On 27.10.2011 21:07, Peter Dimov wrote:
Alf P. Steinbach wrote:
On 27.10.2011 20:01, Peter Dimov wrote: ...
File names on NTFS are not necessarily representable in the ANSI code page. A program that uses narrow strings in the ANSI code page to represents paths will not necessarily be able to open all files on the system.
Right, that's one reason why modern Windows programs should best be wchar_t based.
This is one of the two options. The other is using UTF-8 for representing paths as narrow strings. The first option is more natural for Windows-only code, and the second is better, in practice, for portable code because it avoids the need to duplicate all path-related functions for char/wchar_t. The motivation for using UTF-8 is practical, not political or religious.
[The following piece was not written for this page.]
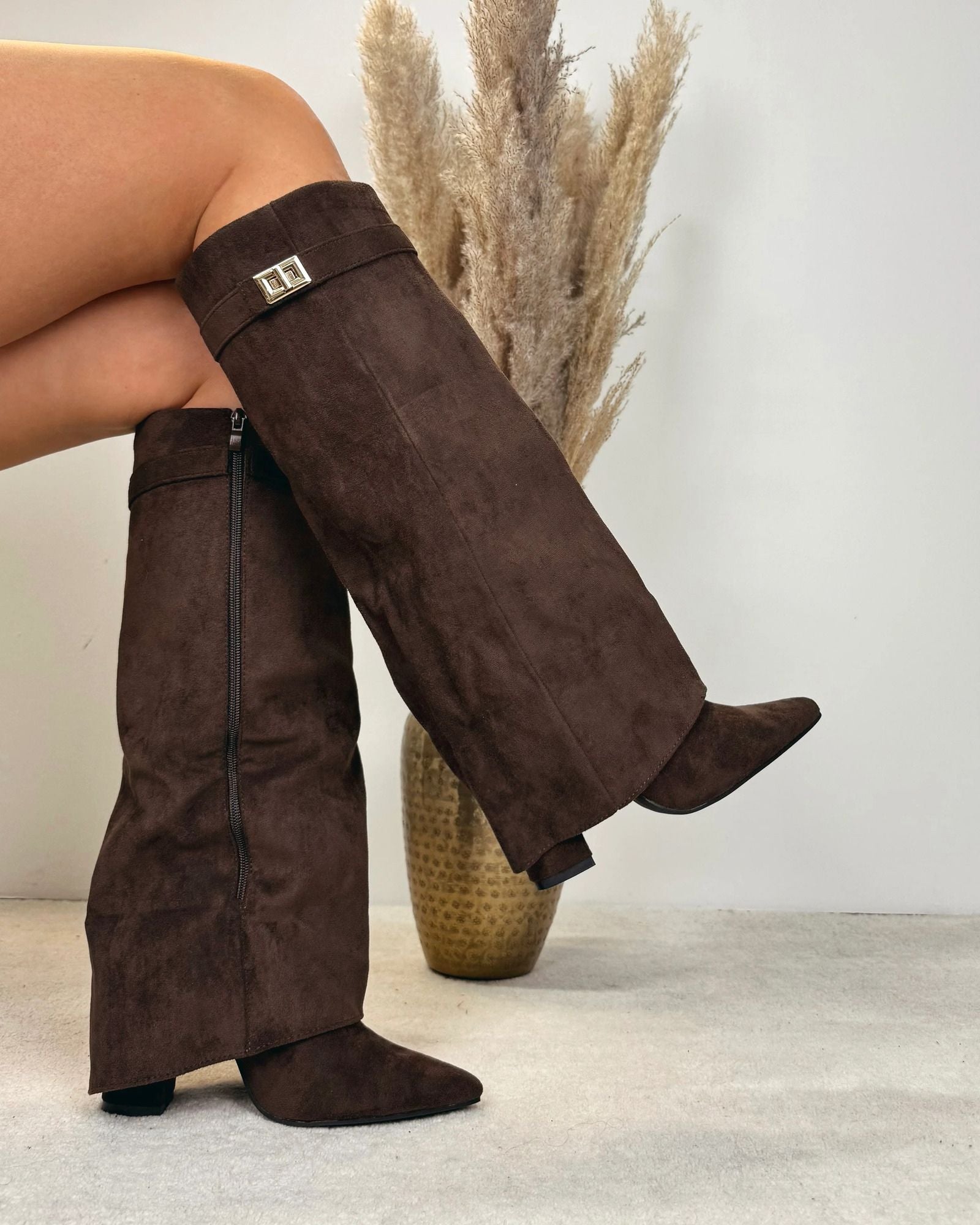 Lisa Luxurious Boots – Elegant Ladies' Boots - Brown - 3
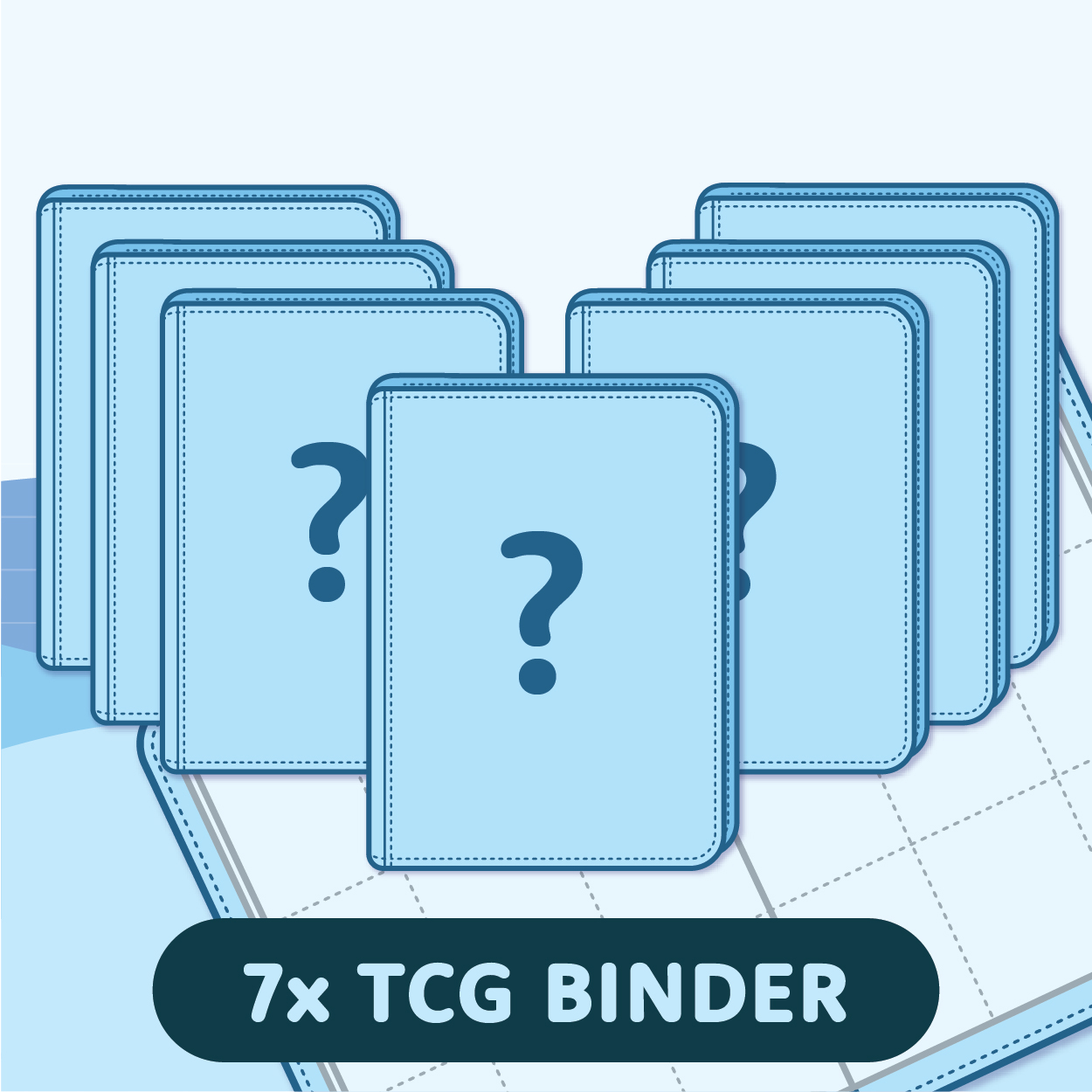 Seven 9-Pocket Binders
Thanks for that clarification of the current thinking at Boost. I suspected that people envisioned those two choices as an exhaustive set of alternatives, what to choose from, but I wasn't sure. Anyway, happily, the apparent forced choice between two inefficient ungoods, is not necessary -- i.e. it's a false dichotomy. For, there are at least THREE options for representing paths and other strings internally in the program, in portable single-source code: 1. wide character based (UTF-16 in Windows, possibly UTF-32 in *nix), as you described above, 2. narrow character based (UTF-8), as you described above, and 3. the most natural sufficiently general native encoding, 1 or 2 depending on the platform that the source is being built for. Option 3 means -- it requires, as far as I can see -- some abstraction that hides the narrow/wide representation so as to get source code level portability, which is all that matters for C++. It doesn't need to involve very much. Some typedefs, traits, references. Prior art in this direction, includes Microsoft's [tchar.h]. For example, write a portable string literal like this: PS( "This is a portable string literal" ) As compared to options 1 and 2, the benefits of option 3 include: * no inefficient conversions except at the external boundary of the program (and then in practice only in Windows, where it's already), * no problems with software and tools that don't understand a chosen "universal" (option 1 or 2) encoding, * no need to duplicate functions to adapt to underlying OS: one has at hand exactly what the OS API wants. The main drawback is IMO the need to use something like a PS macro for string and character literals, or a C++11 /user defined literal/. Windows programmers are used to that, writing _T("blah") all the time as if Windows 95 was still extant. So, considering that all that current labor is being done for no reward whatsoever, I think it should be no problem convincing programmers that writing a few characters more in order to get portable string literals, is worth it; it just needs exposure to examples from some authoritative source...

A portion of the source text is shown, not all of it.